— What is required —
Please start at the first line of the records beneath and quote each line exactly, ending with the line containing "esondazione omegna".

◇ ◇ ◇ ◇ ◇ ◇ ◇

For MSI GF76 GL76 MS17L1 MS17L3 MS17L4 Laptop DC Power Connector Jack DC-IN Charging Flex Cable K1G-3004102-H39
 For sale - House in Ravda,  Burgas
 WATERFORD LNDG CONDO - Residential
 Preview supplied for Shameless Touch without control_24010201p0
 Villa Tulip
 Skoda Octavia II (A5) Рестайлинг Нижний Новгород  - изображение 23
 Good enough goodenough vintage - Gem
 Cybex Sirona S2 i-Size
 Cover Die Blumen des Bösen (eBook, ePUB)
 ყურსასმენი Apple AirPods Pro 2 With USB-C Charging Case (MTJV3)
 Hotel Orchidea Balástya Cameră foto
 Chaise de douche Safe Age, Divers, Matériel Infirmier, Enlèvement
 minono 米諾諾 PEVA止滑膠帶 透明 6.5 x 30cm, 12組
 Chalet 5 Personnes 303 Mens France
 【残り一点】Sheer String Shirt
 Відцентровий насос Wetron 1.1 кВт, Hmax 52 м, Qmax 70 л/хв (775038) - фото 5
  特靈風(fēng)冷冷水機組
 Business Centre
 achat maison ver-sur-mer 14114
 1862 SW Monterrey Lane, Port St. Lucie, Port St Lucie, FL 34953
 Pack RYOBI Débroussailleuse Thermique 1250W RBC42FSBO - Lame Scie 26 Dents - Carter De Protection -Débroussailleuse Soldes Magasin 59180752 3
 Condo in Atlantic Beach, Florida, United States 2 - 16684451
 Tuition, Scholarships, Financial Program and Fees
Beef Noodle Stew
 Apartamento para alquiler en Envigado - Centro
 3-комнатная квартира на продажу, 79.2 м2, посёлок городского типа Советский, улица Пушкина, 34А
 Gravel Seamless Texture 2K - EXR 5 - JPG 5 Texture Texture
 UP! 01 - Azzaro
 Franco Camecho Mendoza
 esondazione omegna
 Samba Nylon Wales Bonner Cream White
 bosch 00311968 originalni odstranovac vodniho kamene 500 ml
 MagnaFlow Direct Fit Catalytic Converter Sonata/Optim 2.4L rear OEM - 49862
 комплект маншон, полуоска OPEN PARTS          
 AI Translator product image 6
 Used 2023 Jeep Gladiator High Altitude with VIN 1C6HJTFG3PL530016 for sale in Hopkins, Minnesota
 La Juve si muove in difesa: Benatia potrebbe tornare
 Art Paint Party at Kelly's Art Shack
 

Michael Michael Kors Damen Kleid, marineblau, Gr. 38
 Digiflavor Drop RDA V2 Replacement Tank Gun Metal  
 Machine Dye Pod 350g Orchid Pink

◇ ◇ ◇ ◇ ◇ ◇ ◇

— Solution —
For MSI GF76 GL76 MS17L1 MS17L3 MS17L4 Laptop DC Power Connector Jack DC-IN Charging Flex Cable K1G-3004102-H39
 For sale - House in Ravda,  Burgas
 WATERFORD LNDG CONDO - Residential
 Preview supplied for Shameless Touch without control_24010201p0
 Villa Tulip
 Skoda Octavia II (A5) Рестайлинг Нижний Новгород  - изображение 23
 Good enough goodenough vintage - Gem
 Cybex Sirona S2 i-Size
 Cover Die Blumen des Bösen (eBook, ePUB)
 ყურსასმენი Apple AirPods Pro 2 With USB-C Charging Case (MTJV3)
 Hotel Orchidea Balástya Cameră foto
 Chaise de douche Safe Age, Divers, Matériel Infirmier, Enlèvement
 minono 米諾諾 PEVA止滑膠帶 透明 6.5 x 30cm, 12組
 Chalet 5 Personnes 303 Mens France
 【残り一点】Sheer String Shirt
 Відцентровий насос Wetron 1.1 кВт, Hmax 52 м, Qmax 70 л/хв (775038) - фото 5
  特靈風(fēng)冷冷水機組
 Business Centre
 achat maison ver-sur-mer 14114
 1862 SW Monterrey Lane, Port St. Lucie, Port St Lucie, FL 34953
 Pack RYOBI Débroussailleuse Thermique 1250W RBC42FSBO - Lame Scie 26 Dents - Carter De Protection -Débroussailleuse Soldes Magasin 59180752 3
 Condo in Atlantic Beach, Florida, United States 2 - 16684451
 Tuition, Scholarships, Financial Program and Fees
Beef Noodle Stew
 Apartamento para alquiler en Envigado - Centro
 3-комнатная квартира на продажу, 79.2 м2, посёлок городского типа Советский, улица Пушкина, 34А
 Gravel Seamless Texture 2K - EXR 5 - JPG 5 Texture Texture
 UP! 01 - Azzaro
 Franco Camecho Mendoza
 esondazione omegna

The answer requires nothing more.